==== Material provided

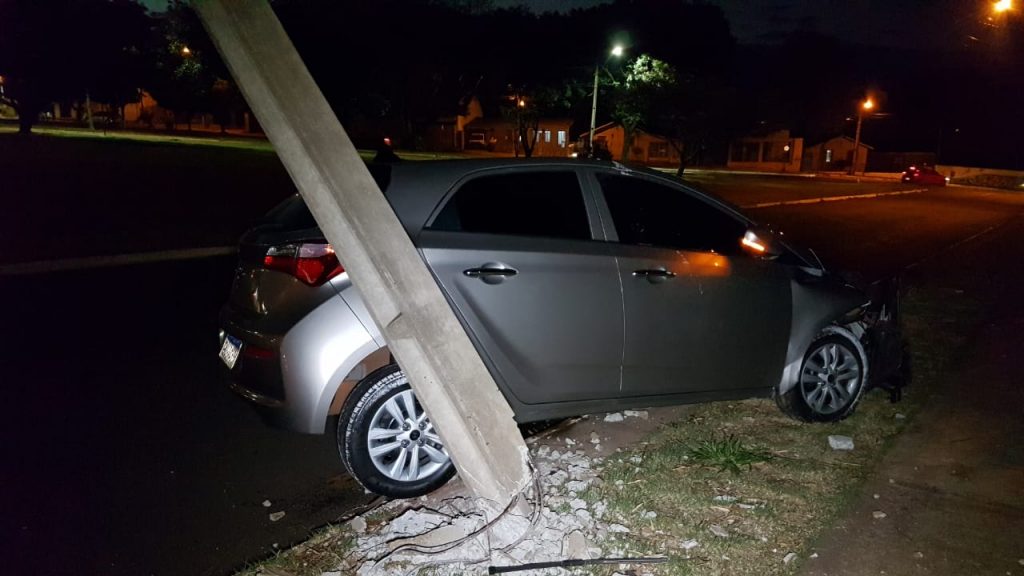 Motorista que teria sido ‘fechado’ por outro carro e atinge poste na região do Bairro Parque Verde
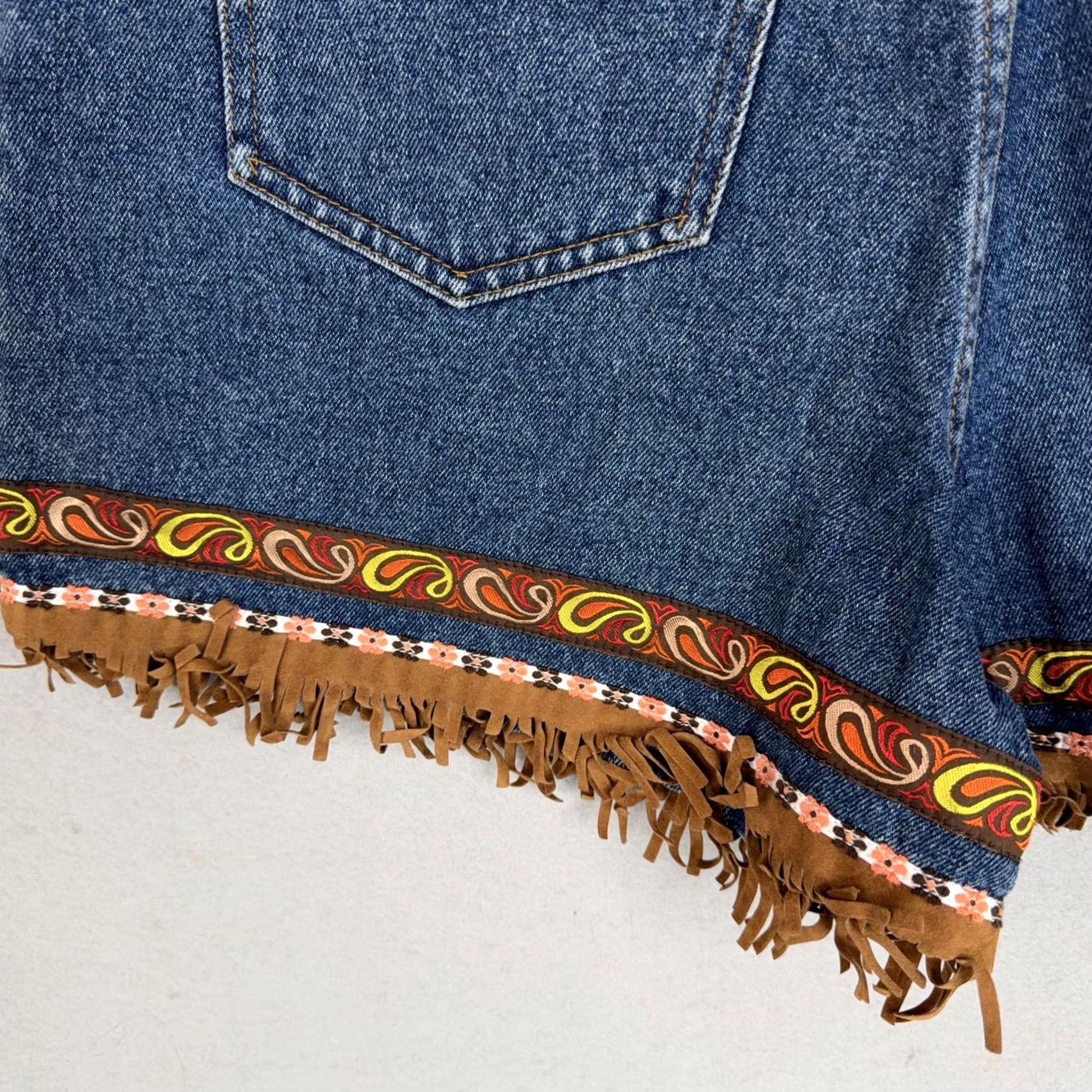 Denime VINTAGE Zana-di Denim Shorts Juniors 11/12 Blue Fringe Western Boho Festival Y2k Jeans Shorts Womens? Size 32" / US 10 / IT 46 - 7 Thumbnail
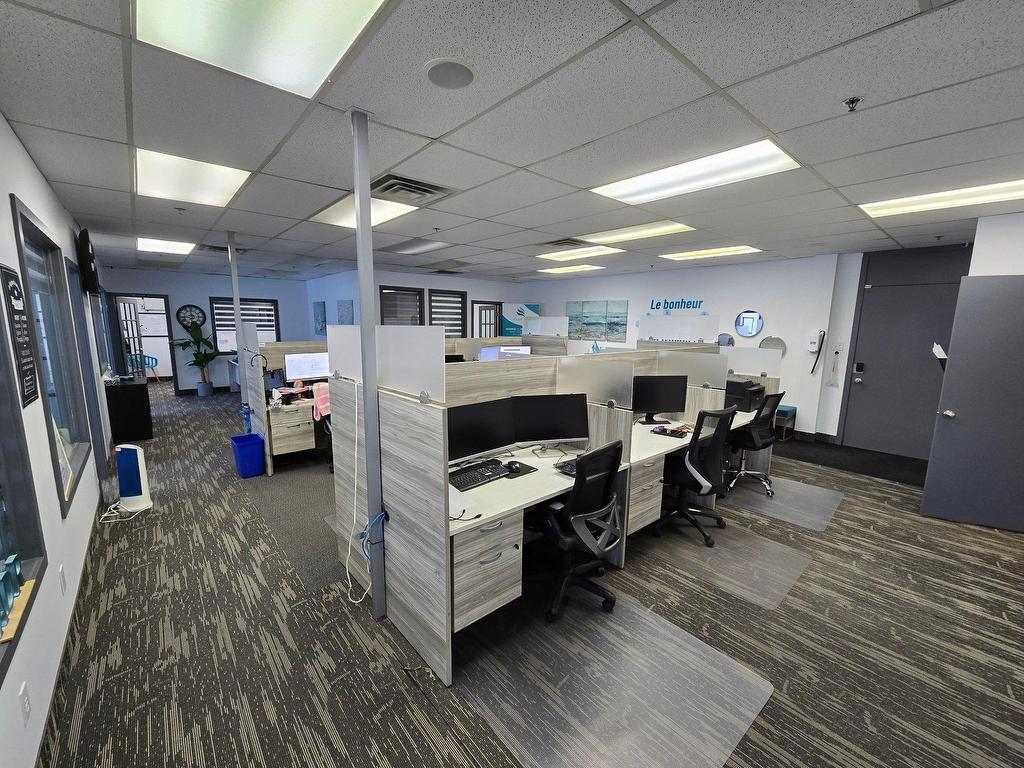 









3221


Aut. Jean-Noël-Lavoie (A-440)

, 205,
Laval (Chomedey),




QC
H7P5P2

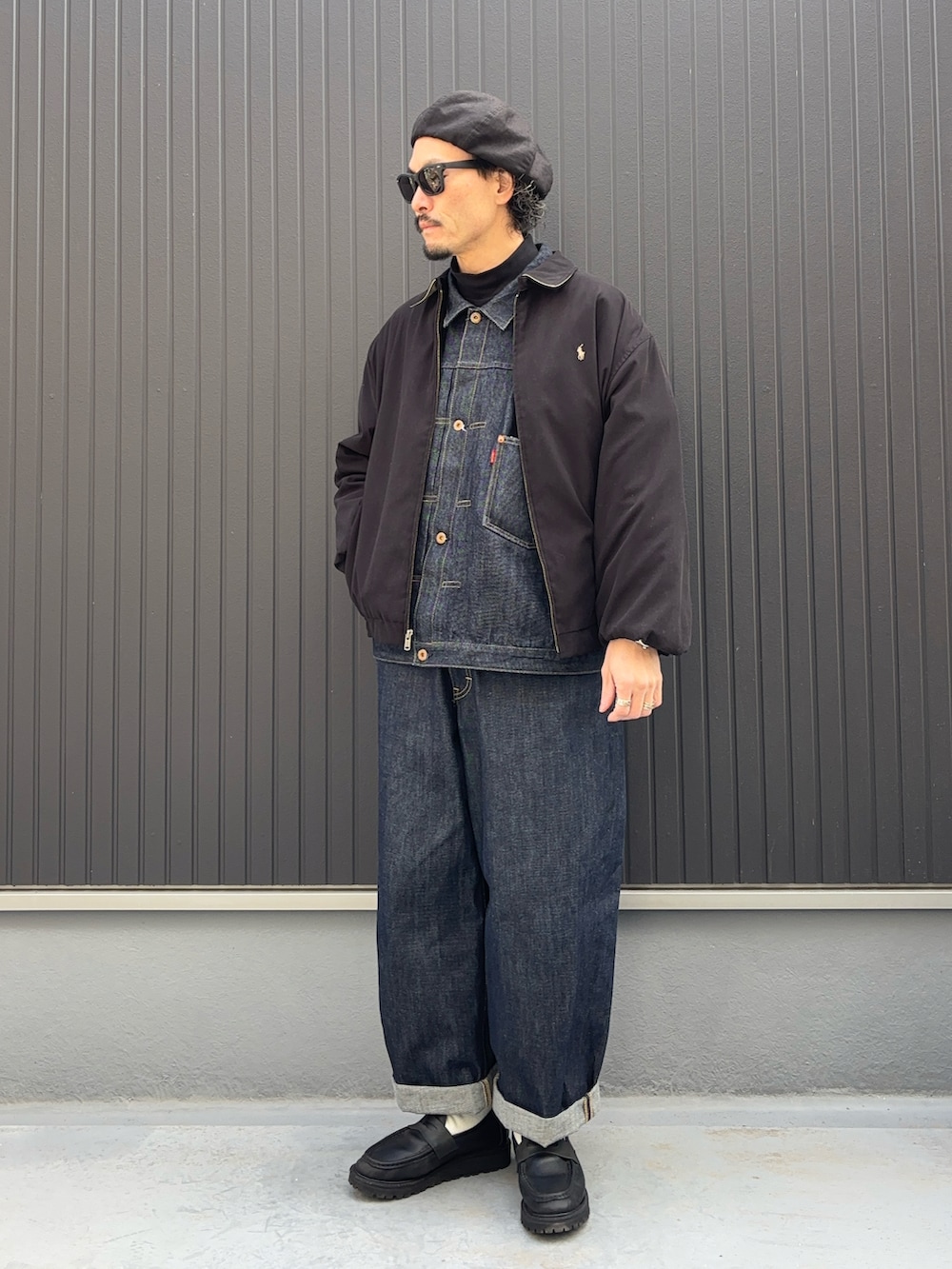 ブラック系のジャケット/アウター、ブルー系のデニムジャケット、ブルー系のデニムパンツを着用したメンズの春コーディネートの3枚目の写真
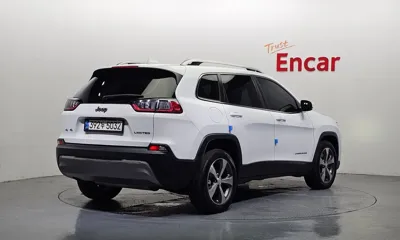 Jeep Cherokee 2020, 93591 км, за 8465.19 USD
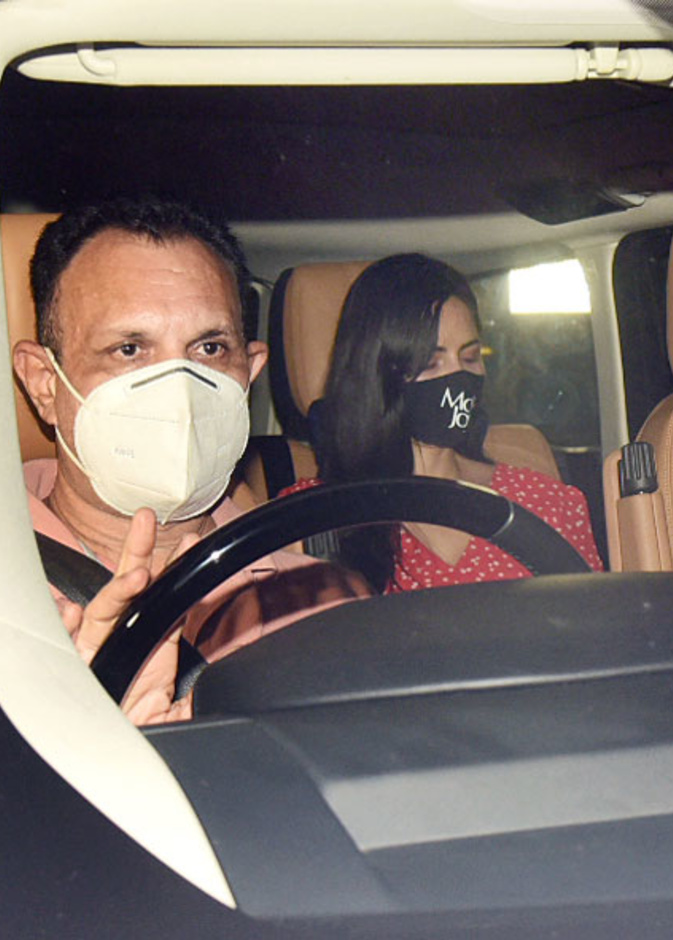 من بينهم كاترينا كيف.... مشاهير ونجوم بوليوود في أحدث حفلات كاران جوهر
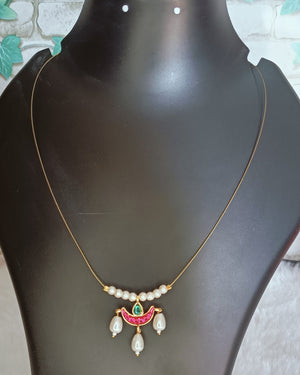 Invisible Chain Pink Green Pendant Pearl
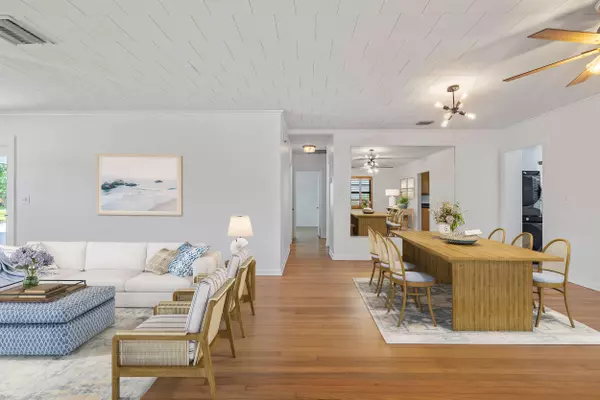 Lake Worth Beach, FL 33460,1023 S Palmway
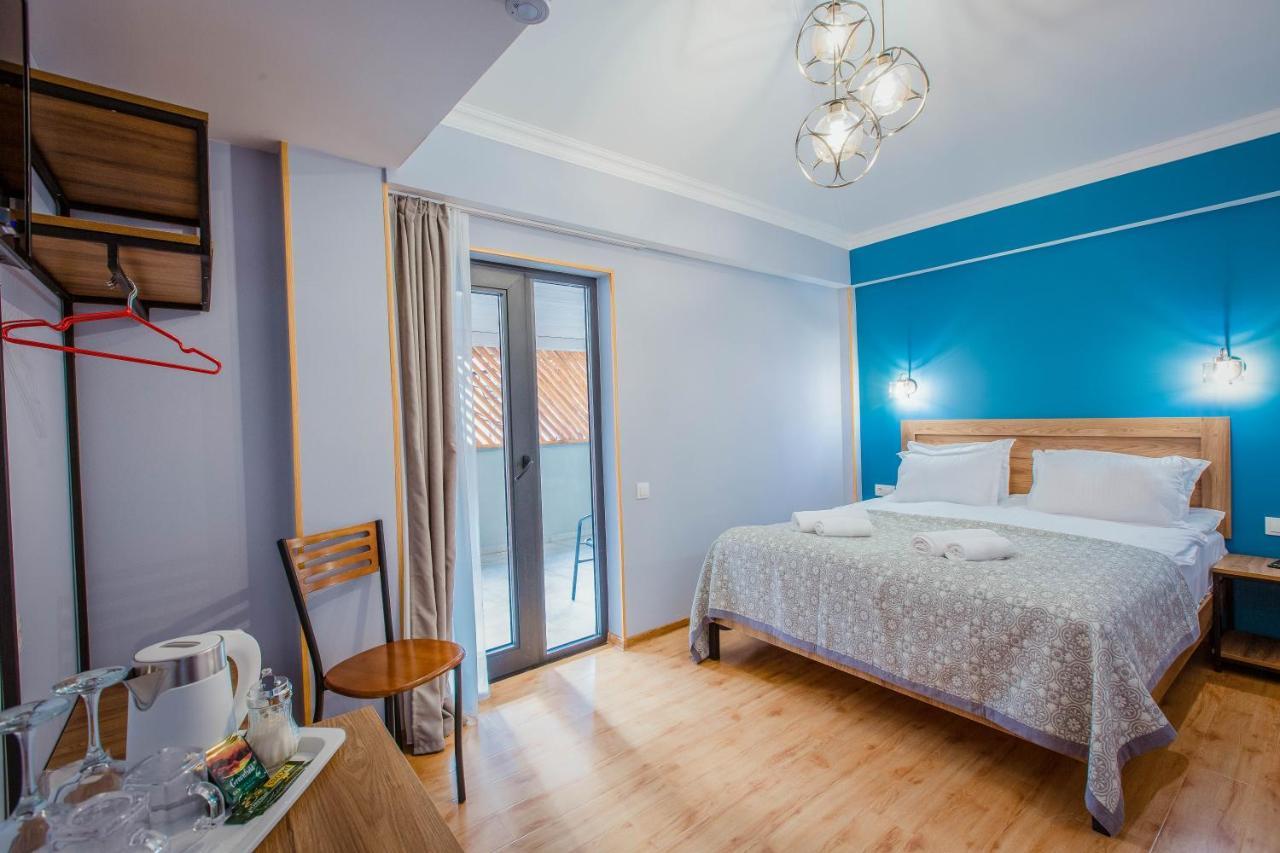 Central Gate Hotel In Heart Of Tbilisi Exterior foto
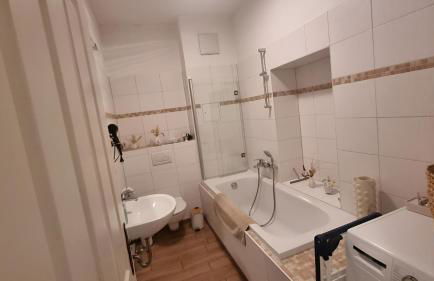 Johnis FeWo, Nähe Stadtzentrum - Uni in sehr ruhiger Lage mit Terrasse und eigenem Parkplatz - Foto 17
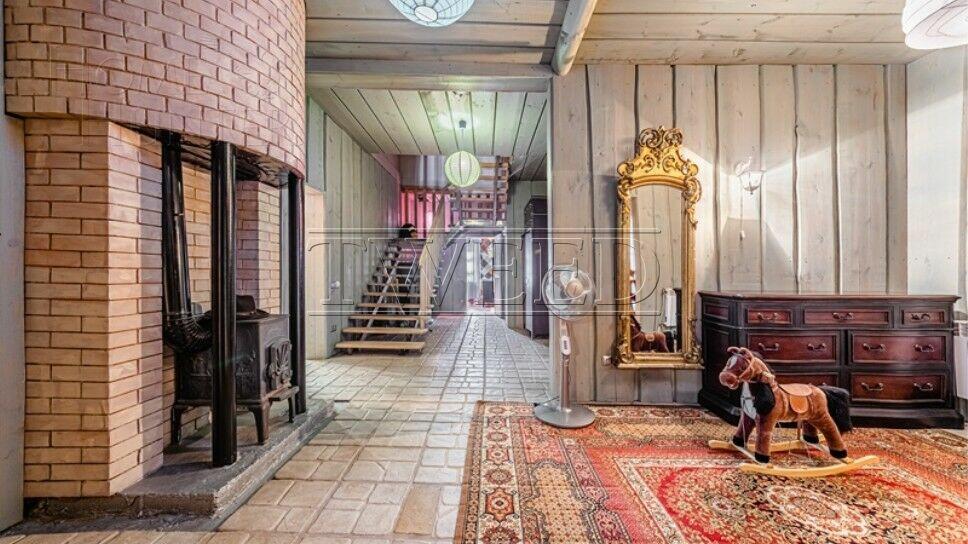 2-этажный коттедж 550 м² с отделкой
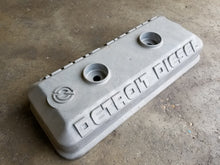 Charger l'image dans la galerie, 5103667 GENUINE NEW ROCKER COVER FOR DETROIT DIESEL 6V71, 6V92, 12V92 ENGINES, DIE CAST ALUMINUM, PLAIN FROM WOODLINE PARTS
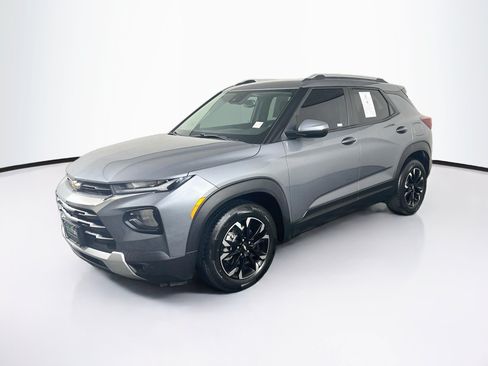 Used 2022 Chevrolet TrailBlazer LT w/ LPO, Blackout Package FWD image 3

========

• **What is expected**:
Reproduce the lines from the one with "2-этажный коттедж 550 м² с отделкой" through the end of the data, keeping both end lines, adding nothing, and dropping any pictures.

• **Exercise output**:
 2-этажный коттедж 550 м² с отделкой
 Charger l'image dans la galerie, 5103667 GENUINE NEW ROCKER COVER FOR DETROIT DIESEL 6V71, 6V92, 12V92 ENGINES, DIE CAST ALUMINUM, PLAIN FROM WOODLINE PARTS
 Used 2022 Chevrolet TrailBlazer LT w/ LPO, Blackout Package FWD image 3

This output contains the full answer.